* What to produce
Set down, please, exactly the lines below that run from the line with "PATIO Y PILETA" to the line with "Коммунальщики заменили флаг", both lines included.

* Material shown
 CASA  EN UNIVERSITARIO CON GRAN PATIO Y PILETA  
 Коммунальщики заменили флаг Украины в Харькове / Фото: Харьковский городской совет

* * *

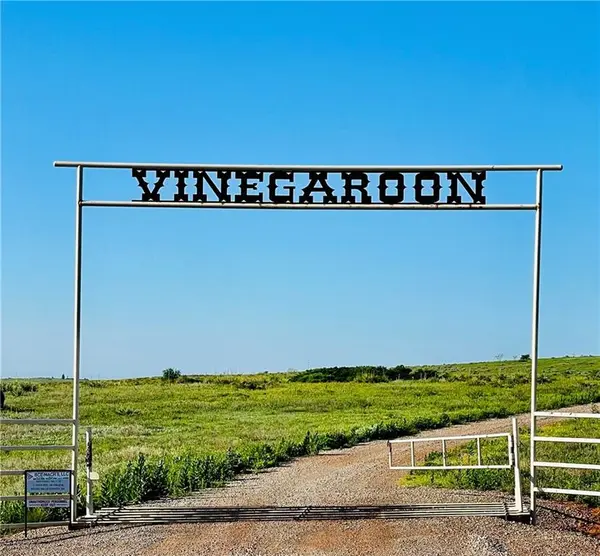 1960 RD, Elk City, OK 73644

* Output below
 CASA  EN UNIVERSITARIO CON GRAN PATIO Y PILETA  
 Коммунальщики заменили флаг Украины в Харькове / Фото: Харьковский городской совет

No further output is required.